PROVIDED MATERIAL |
==================================================
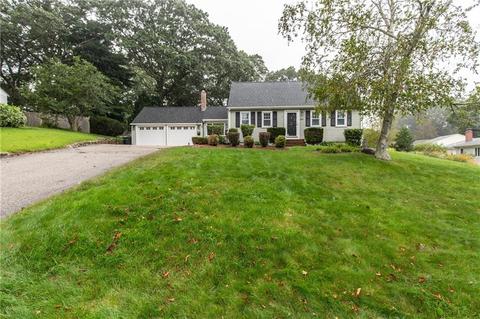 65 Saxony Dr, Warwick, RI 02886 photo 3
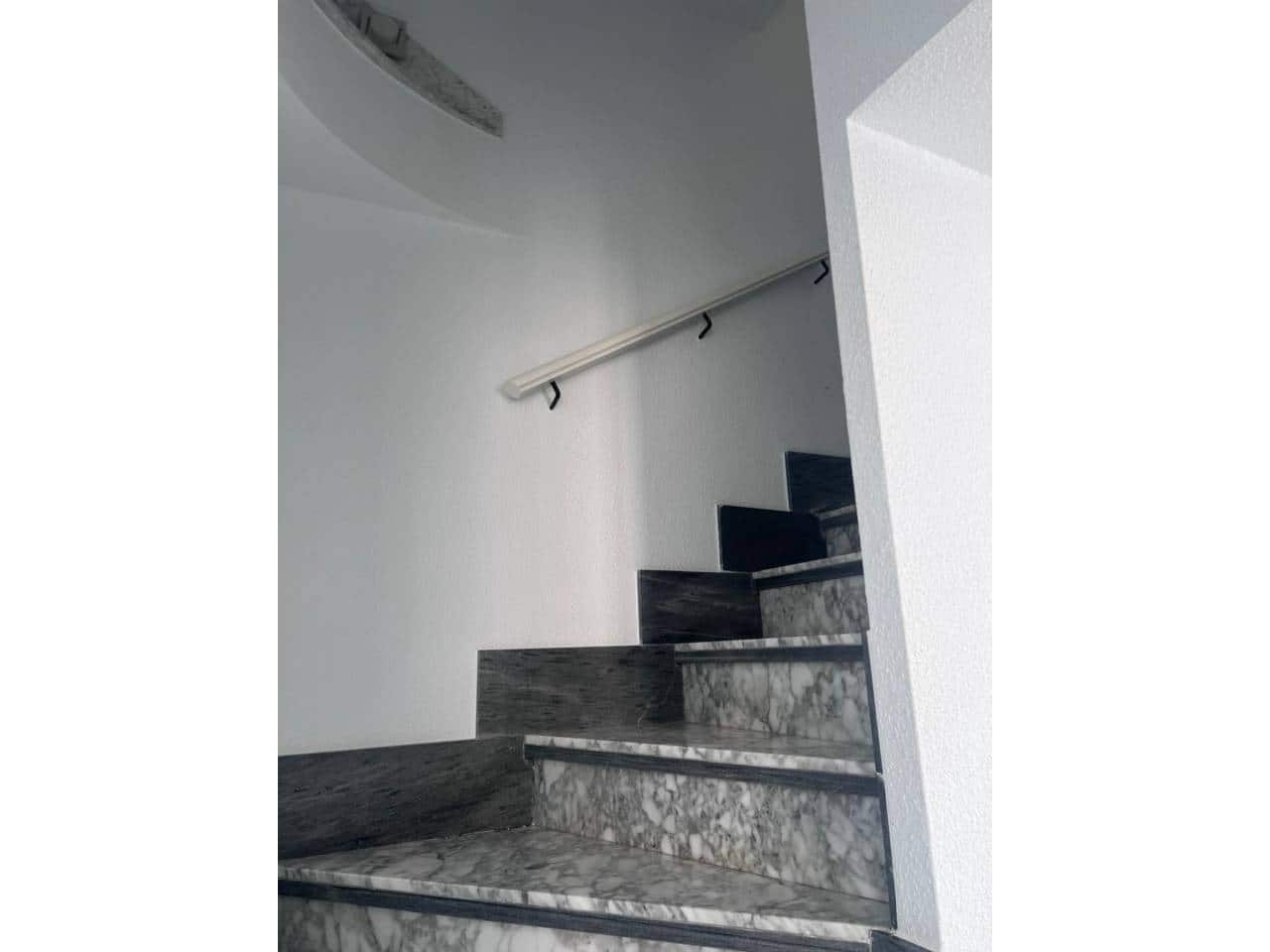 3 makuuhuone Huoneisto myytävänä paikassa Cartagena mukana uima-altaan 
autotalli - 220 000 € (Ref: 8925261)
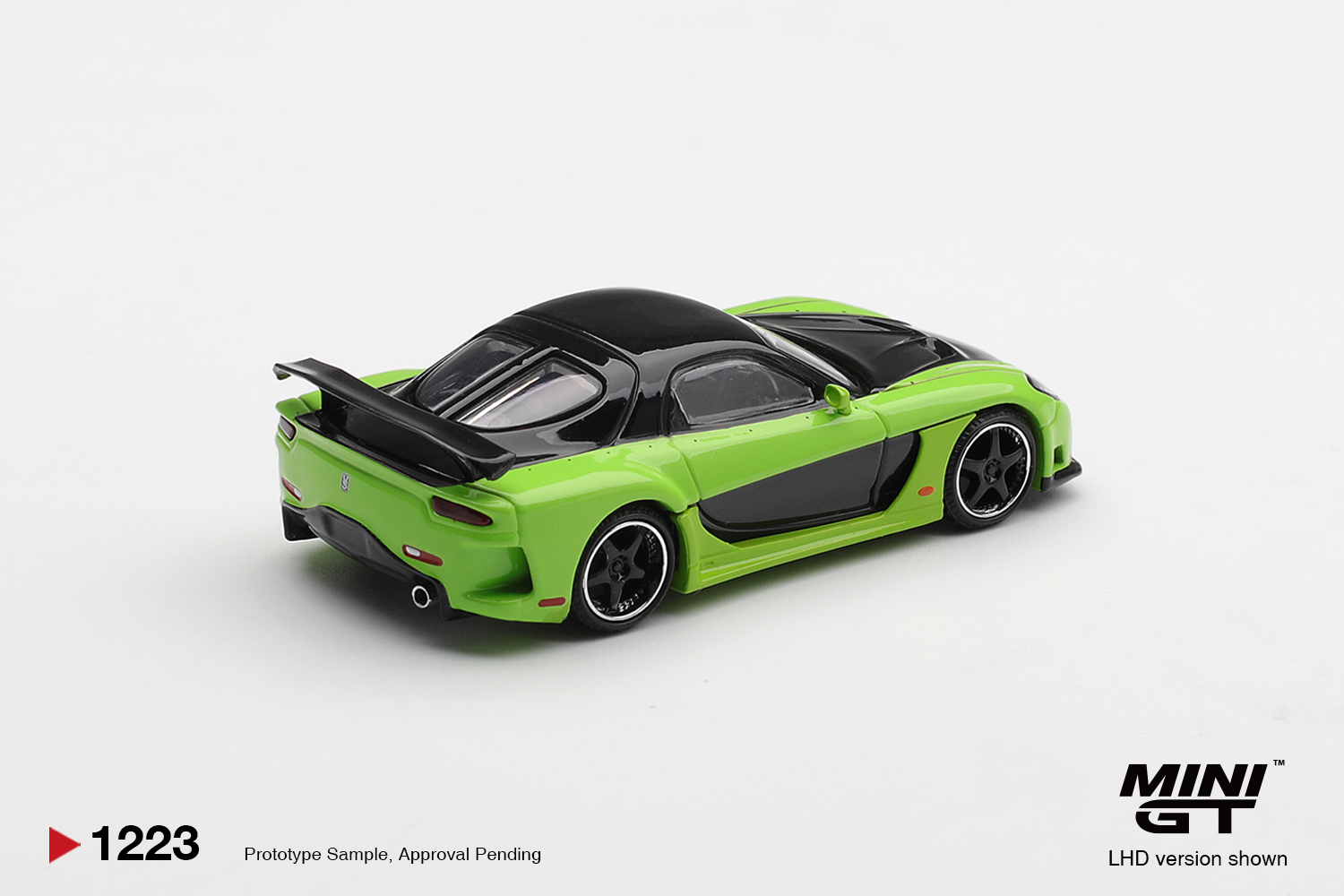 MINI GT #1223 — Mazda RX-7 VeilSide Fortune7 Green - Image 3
==================================================
WHAT YOU NEED TO DO | Copy the material exactly as written and leave every picture behind.

SOLUTION |
 65 Saxony Dr, Warwick, RI 02886 photo 3
 3 makuuhuone Huoneisto myytävänä paikassa Cartagena mukana uima-altaan 
autotalli - 220 000 € (Ref: 8925261)
 MINI GT #1223 — Mazda RX-7 VeilSide Fortune7 Green - Image 3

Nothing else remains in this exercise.